Budget for flying hours concerns air force ChiefDate: 13 October 2010
The Chief of the South African Air Force (SAAF) is anxious about the number of flying hours aircrew will be allocated during 2011 and 2012.
"I'm not happy with the likely budgeting for flying hours for the next financial year," affirms Lt-Gen Carlo Gagiano. "To operate all the systems in the SAAF optimally, I need a bigger budget. But we must never stop exploring ways of doing things better and cheaper."
Thus, the SAAF has started using simulators for pilot conversions on to the Cessna Caravan single-engined and Beechcraft King Air twin-engined light transport aircraft (both operated by 41 Squadron), which is proving effective and is saving a lot of money.
"We try and balance the whole air force.

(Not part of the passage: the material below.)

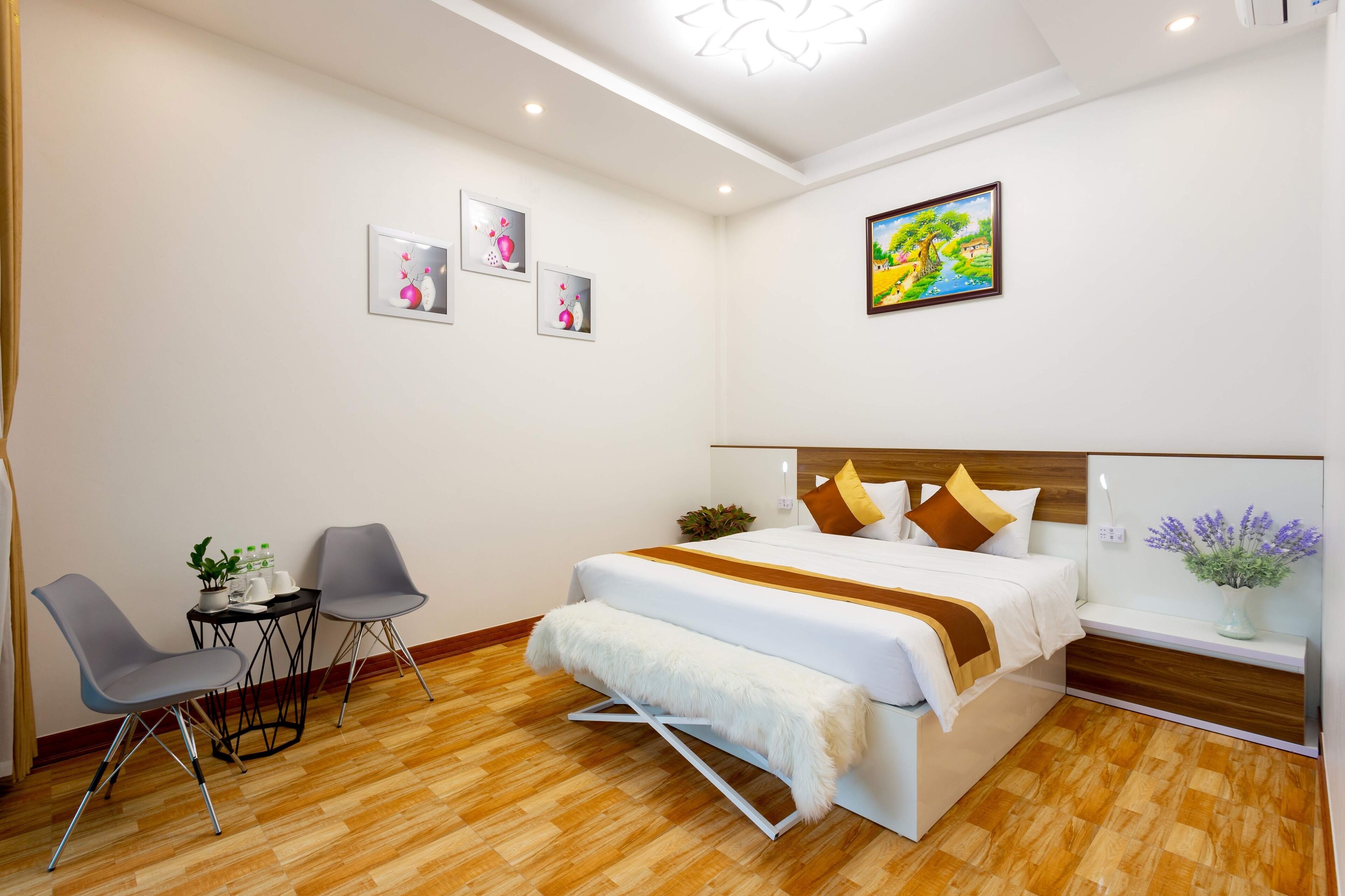A modern hotel room with a wooden floor, a bed with white bedding and brown accents, a small table with chairs, and wall art.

It would be very unwise to focus on the fast jets," he explains. "We're constantly evaluating our budget and spending and judge where the need is highest and prioritise that need. We prioritise constantly. We try and make use of the budget in the best possible way. This is a global problem."
In total, the air force has eight flying bases - Air Force Bases (AFBs) Bloemspruit, Durban, Hoedsruit, Langebaanweg, Makhado, Overberg, Waterkloof (which incorporates Swartkops) and Ysterplaat.
Between them, these house ten regular flying squadrons (numbers 2, 15, 16, 19, 21, 22, 28, 35, 41 and 44) three flying schools - the Central Flying School, 85 Combat Flying School and 87 Helicopter Flying School - and the Test Flight and Development Centre.
Only one squadron - 2 - operates fighters; all the rest operate transport aircraft and helicopters (one additionally operates maritime surveillance aircraft), although 85 Combat Flying School also operates fast jets.